## Exercise goal
Your output should be the lines below from the one holding "an owl,compass,roses,stars. tattoo idea" through the one holding "Modular TV Stand, Modern", transcribed exactly, with no pictures.

## Extracted entries
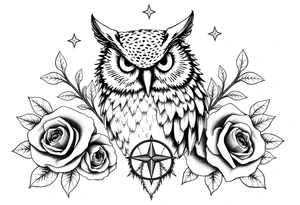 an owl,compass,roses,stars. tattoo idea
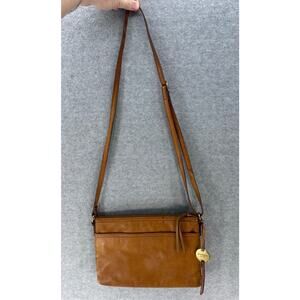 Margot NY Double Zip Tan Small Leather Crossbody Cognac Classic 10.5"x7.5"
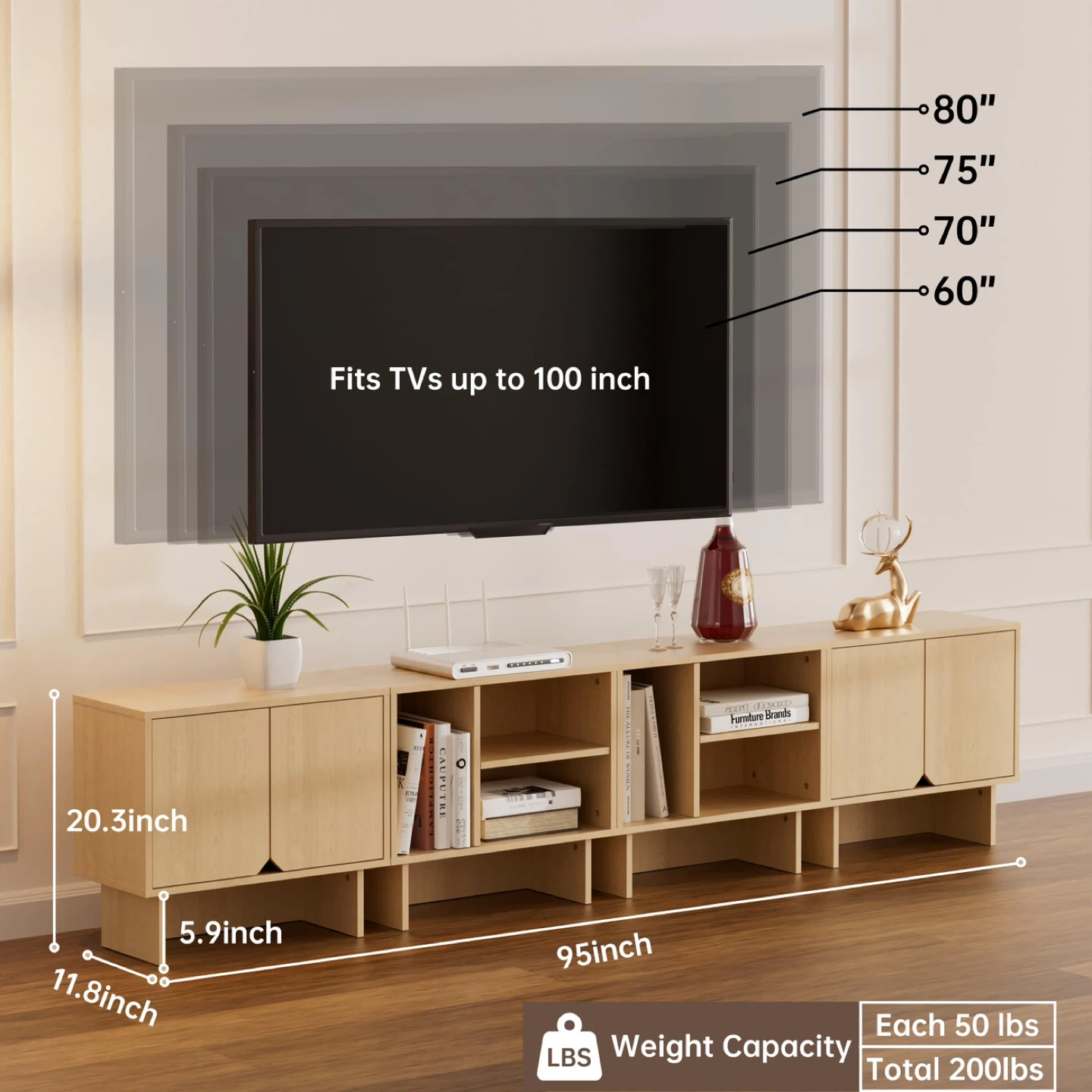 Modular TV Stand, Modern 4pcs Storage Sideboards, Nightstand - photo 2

--

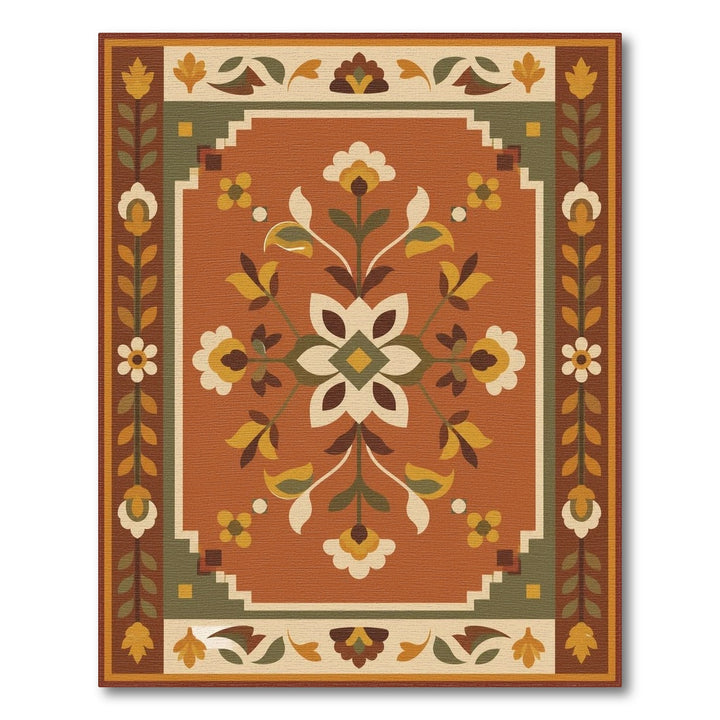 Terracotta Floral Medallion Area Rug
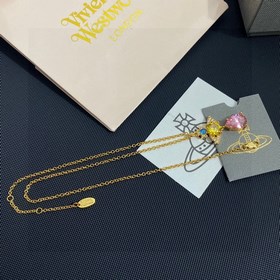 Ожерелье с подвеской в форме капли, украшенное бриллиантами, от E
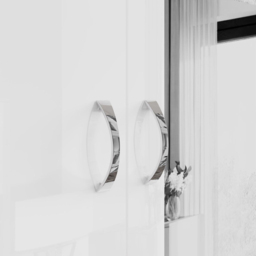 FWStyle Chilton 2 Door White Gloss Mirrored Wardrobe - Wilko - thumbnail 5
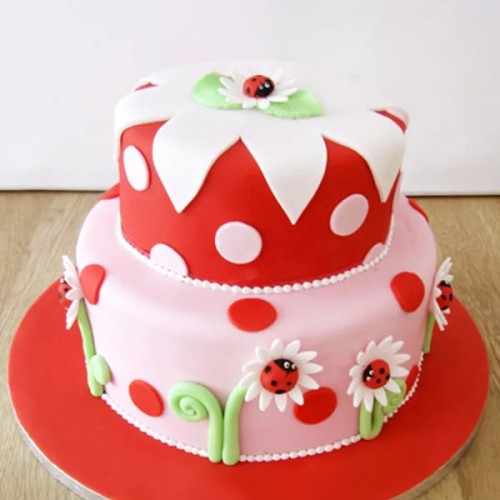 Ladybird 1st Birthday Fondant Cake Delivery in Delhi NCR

...

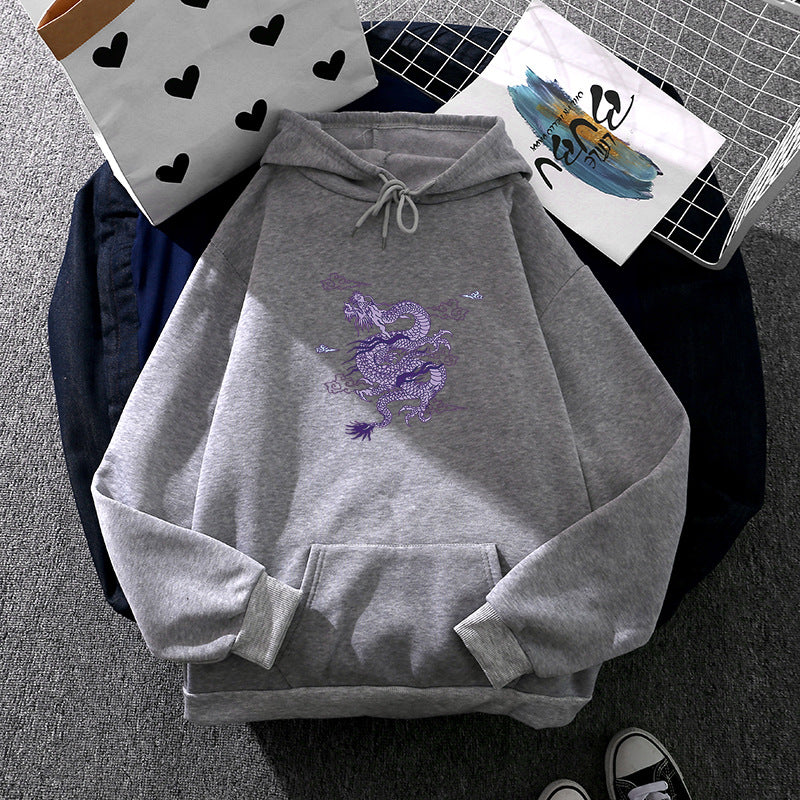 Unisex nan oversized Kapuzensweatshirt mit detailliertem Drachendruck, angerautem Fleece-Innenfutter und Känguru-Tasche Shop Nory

## Answer to this problem
 an owl,compass,roses,stars. tattoo idea
 Margot NY Double Zip Tan Small Leather Crossbody Cognac Classic 10.5"x7.5"
 Modular TV Stand, Modern 4pcs Storage Sideboards, Nightstand - photo 2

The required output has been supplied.